The rationale for whether the bidding process is chilled or not

In Campana v. Arizona State Land Dep't, 176 Ariz. 288, 291-92, 860 P.2d 1341, 1344-45 (Ct. App. 1993), the Petitioner Campana instituted a special action to contest the auctions by respondents, Commissioner of the Arizona State Land Department and real party in interest developer, claiming that the auctions were unfair because they sought a master bidder with the resources to install the necessary infrastructure.
 
The protestor claimed that the overall circumstances of the auction created discrimination between the bidders because the core lessee as master developer was preferred over the residential developer. The court on review disagreed and found that the bidding process was not chilled. The court held that, as long as the proposed sale terms were justified by the best interests of the state trust, did not include conditions that would exclude eligible bidders were not intended to favor a particular bidder, and were not otherwise contrary to law, the commissioner had discretionary authority to determine the structure of a proposed sale. The court affirmed the hearing officer's decisions except as to the rental adjustment clause, which was severed from the lease and the remainder of the lease remained in effect.
 
Campana argued that the bidding was chilled by the relationship of the commercial leases to the land sale. He claimed that as a general rule, “... any act of the auctioneer, or of the party selling, or of third parties as purchasers, which prevents a fair, free, and open sale, or which diminishes competition and stifles or chills the sale, is contrary to public policy and vitiates the sale.” Campana v. Arizona State Land Dep't, 176 Ariz. 288, 291-92, 860 P.2d 1341, 1344-45 (Ct. App. 1993) (quoting 7A C.J.S. Auctions and Auctioneers § 14 (1980)). He further claimed that the totality of the auction circumstances unfairly discriminated between a potential core lessee bidder and a residential bidder, because the core lessee as master developer was preferred over the residential developer. He also claimed that this difference stifled competition and chilled the bidding process. The Department and Northeast Phoenix Partners argued that there was no evidence that the bidding process was so chilled to which the court agreed.
 
“Pursuant to Berry v. Arizona State Land Dept., 133 Ariz. 325, 651 P.2d 853 (1982), the Commissioner is obligated to manage trust lands for the benefit of the trust and its beneficiaries.” Id . “He has the duty to maximize revenue to the trust.” Id. (citing Gladden Farms, Inc. v.

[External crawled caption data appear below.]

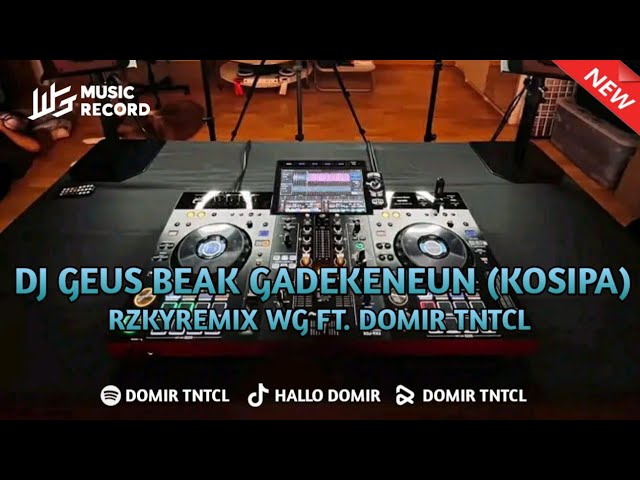 DJ GEUS BEAK GADEKENEUN (KOSIPA) FYP VIRAL TIKTOK - RZKYREMIX WG FT. DOMIR TNTCL class=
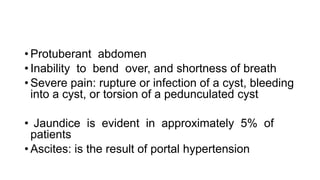 • Protuberant abdomen
• Inability to bend over, and shortness of breath
• Severe pain: rupture or infection of a cyst, bleeding
into a cyst, or torsion of a pedunculated cyst
• Jaundice is evident in approximately 5% of
patients
• Ascites: is the result of portal hypertension
 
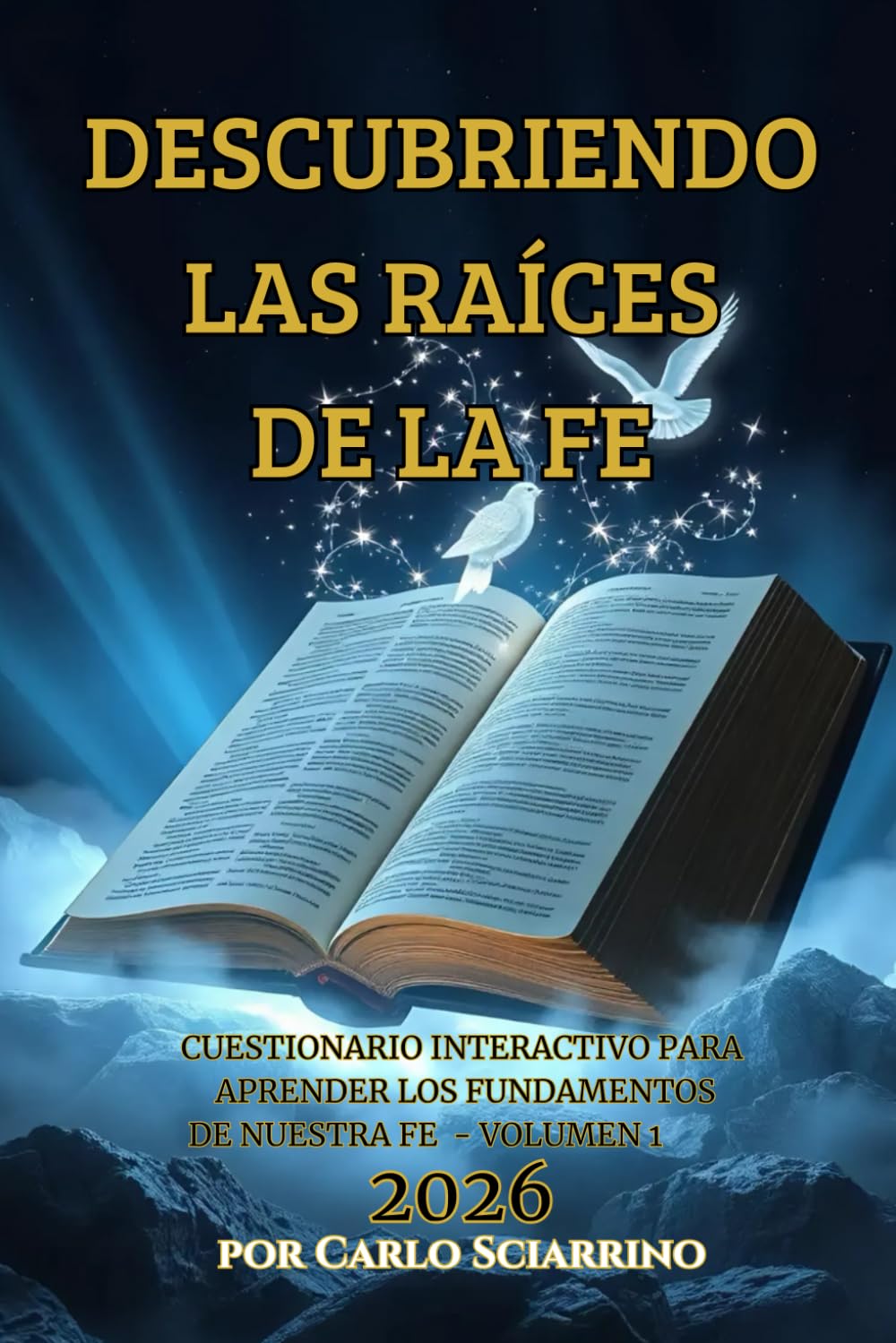 DESCUBRIENDO LAS RAÍCES DE LA FE: Un quiz interactivo para conocer el Antiguo Testamento: De los Orígenes a la Ley de Dios - volumen 1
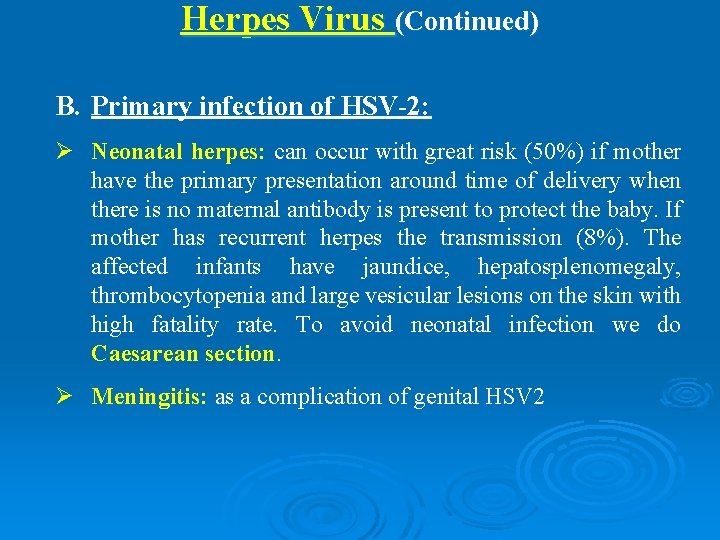 Herpes Virus (Continued) B. Primary infection of HSV-2: Ø Neonatal herpes: can occur with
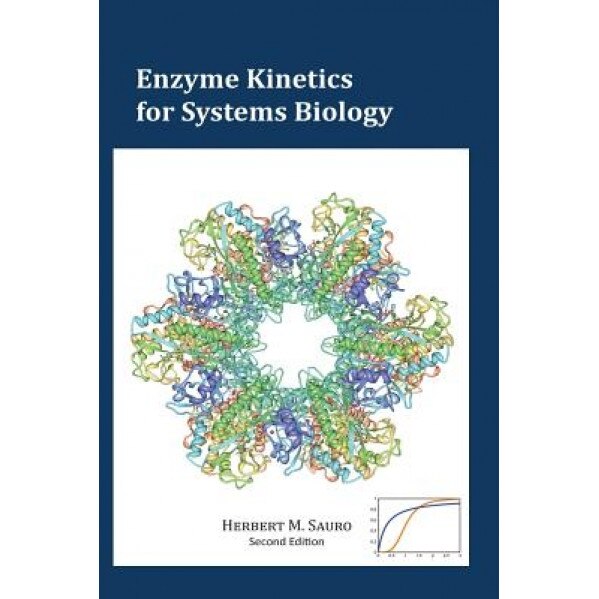 Enzyme Kinetics for Systems Biology, Herbert M. Sauro (Author)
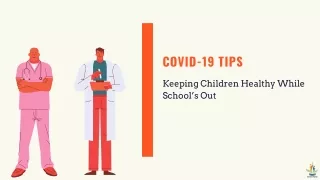 Coronavirus Tips - Keeping Children Healthy While School’s Out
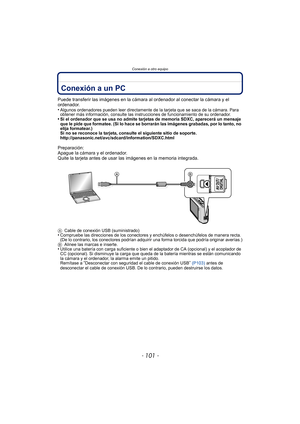 Page 101- 101 -
Conexión a otro equipo
Conexión a otro equipoConexión a un PC
Puede transferir las imágenes en la cámara al ordenador al conectar la cámara y el 
ordenador.
•
Algunos ordenadores pueden leer directamente de la tarjeta que se saca de la cámara. Para 
obtener más información, consulte las instrucciones de funcionamiento de su ordenador.
•Si el ordenador que se usa no admite tarjetas de memoria SDXC, aparecerá un mensaje 
que le pide que formatee. (Si lo hace se borrarán las imágenes grabadas, por...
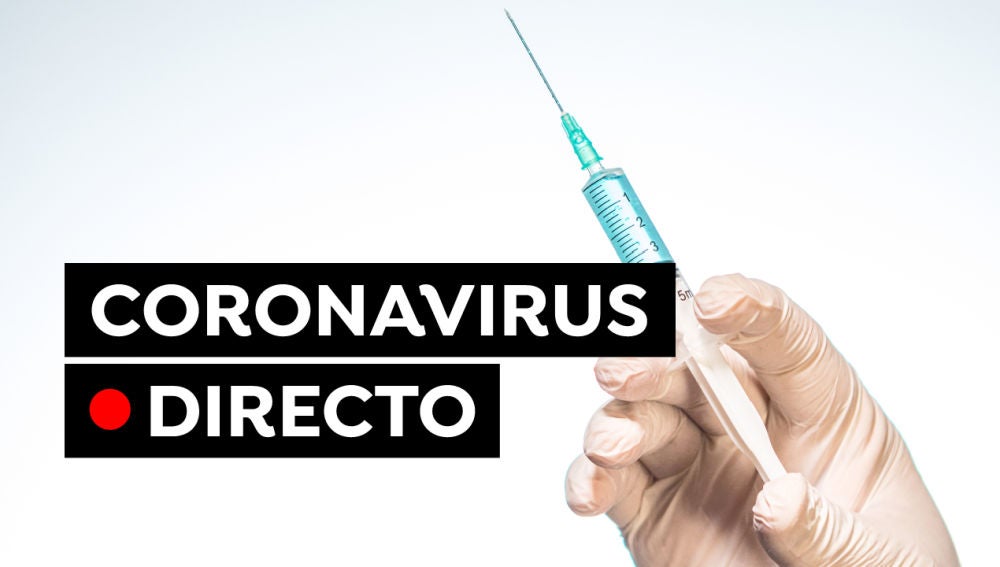 Coronavirus España hoy: Restricciones en Madrid, Cataluña, Andalucía, datos del COVID-19 y última hora de la vacuna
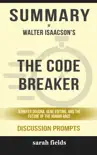 The Code Breaker: Jennifer Doudna, Gene Editing, and the Future of the Human Race by Walter Isaacson (Discussion Prompts) sinopsis y comentarios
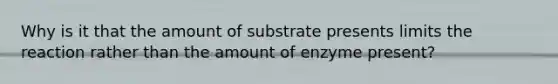 Why is it that the amount of substrate presents limits the reaction rather than the amount of enzyme present?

State, 129 Ariz. 516, 520, 633 P.2d 325, 329 (1981)). “However, immediate revenue is not the sole consideration in determining the best interests of the trust.” Id. (citing Havasu Heights v. Desert Valley Wood, 167 Ariz. 383, 392, 807 P.2d 1119, 1128 (App.1990), review denied, April 23, 1991). Further, “[t]he Commissioner has great discretion concerning the disposition of trust lands and has authority to devise detailed plans for the sale, lease, and use of state land. These decisions will not be overturned absent illegal action, an abuse of discretion, or an unfair bidding.” Id. (Havasu Heights at 391–92, 807 P.2d at 1127–28).
 
“In a recent decision of this court, Martori v. Arizona State Land Dept., 176 Ariz. 420, 861 P.2d 1182 (App.1993), we found a distinction between terms of sale that are in the best interest of the trust, although discouraging certain bidders, and terms that improperly limit the universe of potential bidders to one.”  Id. (Martori at 425, 861 P.2d at 1187).
 
The standard laid down in Martori for evaluating whether bidding was chilled is as follows:
“[a]s long as the proposed sale terms are justified by the best interests of the state trust, do not include conditions that would exclude eligible bidders, are not intended to favor a particular bidder, and are not otherwise contrary to law, the Commissioner has discretionary authority to determine the structure of a proposed sale.” Martori. at 426, 861 P.2d at 1188.
 
The court held that there was no evidence in record of any illegal deals or preferential negotiations of any sort occurring prior to the auctions or any evidence showing that one bidder was encouraged or favored over other potential bidders. There was no evidence that the Department showed any preference to the Northeast Phoenix Partners before or during the auction process and the fact that only one entity bid at the auction was irrelevant and explainable by a host of reasons from lack of interest to lack of money. The court concluded that the record supports the hearing officer's ruling that the bidding was not chilled.